### RECORDS SUPPLIED:
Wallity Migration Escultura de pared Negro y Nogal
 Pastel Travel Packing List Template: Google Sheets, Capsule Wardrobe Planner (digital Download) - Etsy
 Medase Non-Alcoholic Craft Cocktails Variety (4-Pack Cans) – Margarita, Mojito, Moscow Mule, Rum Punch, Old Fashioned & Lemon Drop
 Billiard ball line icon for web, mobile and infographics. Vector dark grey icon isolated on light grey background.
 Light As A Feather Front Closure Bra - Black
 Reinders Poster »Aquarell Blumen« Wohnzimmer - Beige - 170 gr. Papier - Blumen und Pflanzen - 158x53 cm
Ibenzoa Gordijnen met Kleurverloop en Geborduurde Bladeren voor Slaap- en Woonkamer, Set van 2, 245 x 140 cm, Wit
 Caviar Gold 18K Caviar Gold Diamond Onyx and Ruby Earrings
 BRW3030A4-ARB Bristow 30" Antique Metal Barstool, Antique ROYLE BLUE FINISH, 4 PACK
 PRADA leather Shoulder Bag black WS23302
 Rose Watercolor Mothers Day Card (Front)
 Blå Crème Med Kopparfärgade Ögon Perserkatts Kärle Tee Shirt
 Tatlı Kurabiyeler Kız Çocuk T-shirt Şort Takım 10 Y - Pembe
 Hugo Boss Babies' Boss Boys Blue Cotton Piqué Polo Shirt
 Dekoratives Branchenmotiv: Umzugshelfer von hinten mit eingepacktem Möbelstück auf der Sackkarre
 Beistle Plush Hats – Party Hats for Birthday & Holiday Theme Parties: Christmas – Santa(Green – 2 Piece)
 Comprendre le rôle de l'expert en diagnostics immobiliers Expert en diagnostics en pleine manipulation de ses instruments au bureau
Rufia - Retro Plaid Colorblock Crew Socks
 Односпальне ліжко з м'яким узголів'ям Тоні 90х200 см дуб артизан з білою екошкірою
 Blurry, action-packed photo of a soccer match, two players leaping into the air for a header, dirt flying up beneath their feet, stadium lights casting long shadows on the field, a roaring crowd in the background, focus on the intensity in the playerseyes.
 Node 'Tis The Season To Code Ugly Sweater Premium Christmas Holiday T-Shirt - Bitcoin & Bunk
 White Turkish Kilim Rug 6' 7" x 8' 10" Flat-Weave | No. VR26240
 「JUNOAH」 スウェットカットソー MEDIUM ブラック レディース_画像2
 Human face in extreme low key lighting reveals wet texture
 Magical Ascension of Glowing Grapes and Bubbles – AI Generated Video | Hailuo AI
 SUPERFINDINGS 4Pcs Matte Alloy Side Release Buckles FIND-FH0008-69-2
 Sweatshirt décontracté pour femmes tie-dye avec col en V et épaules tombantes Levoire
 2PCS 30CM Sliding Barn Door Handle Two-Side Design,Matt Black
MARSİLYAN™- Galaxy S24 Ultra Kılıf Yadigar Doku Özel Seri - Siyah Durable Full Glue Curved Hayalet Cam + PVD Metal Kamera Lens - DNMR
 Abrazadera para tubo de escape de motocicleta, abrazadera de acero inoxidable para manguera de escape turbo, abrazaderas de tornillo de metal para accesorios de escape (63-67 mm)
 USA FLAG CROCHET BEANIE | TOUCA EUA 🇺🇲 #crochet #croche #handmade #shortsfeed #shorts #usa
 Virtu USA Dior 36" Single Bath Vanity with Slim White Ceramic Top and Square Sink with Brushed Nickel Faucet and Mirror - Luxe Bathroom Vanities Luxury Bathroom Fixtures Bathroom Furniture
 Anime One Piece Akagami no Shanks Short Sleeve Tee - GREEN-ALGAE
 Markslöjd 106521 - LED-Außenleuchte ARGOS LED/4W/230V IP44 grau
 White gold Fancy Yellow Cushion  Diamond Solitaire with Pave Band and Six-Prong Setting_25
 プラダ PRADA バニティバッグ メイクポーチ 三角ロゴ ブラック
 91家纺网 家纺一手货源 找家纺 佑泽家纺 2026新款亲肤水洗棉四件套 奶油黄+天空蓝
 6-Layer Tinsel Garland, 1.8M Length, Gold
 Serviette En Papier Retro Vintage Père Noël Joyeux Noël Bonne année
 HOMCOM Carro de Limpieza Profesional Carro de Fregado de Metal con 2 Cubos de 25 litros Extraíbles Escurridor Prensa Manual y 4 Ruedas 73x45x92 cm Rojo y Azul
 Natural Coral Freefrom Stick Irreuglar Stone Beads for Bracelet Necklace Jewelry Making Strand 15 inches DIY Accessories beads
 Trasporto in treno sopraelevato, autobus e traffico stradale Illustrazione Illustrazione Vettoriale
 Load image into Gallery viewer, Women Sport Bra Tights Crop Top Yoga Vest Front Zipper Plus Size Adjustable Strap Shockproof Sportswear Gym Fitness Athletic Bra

### THE TASK:
Return all lines in the data that include the word "Papier".

### OUTPUT OF THE TASK:
 Reinders Poster »Aquarell Blumen« Wohnzimmer - Beige - 170 gr. Papier - Blumen und Pflanzen - 158x53 cm
 Serviette En Papier Retro Vintage Père Noël Joyeux Noël Bonne année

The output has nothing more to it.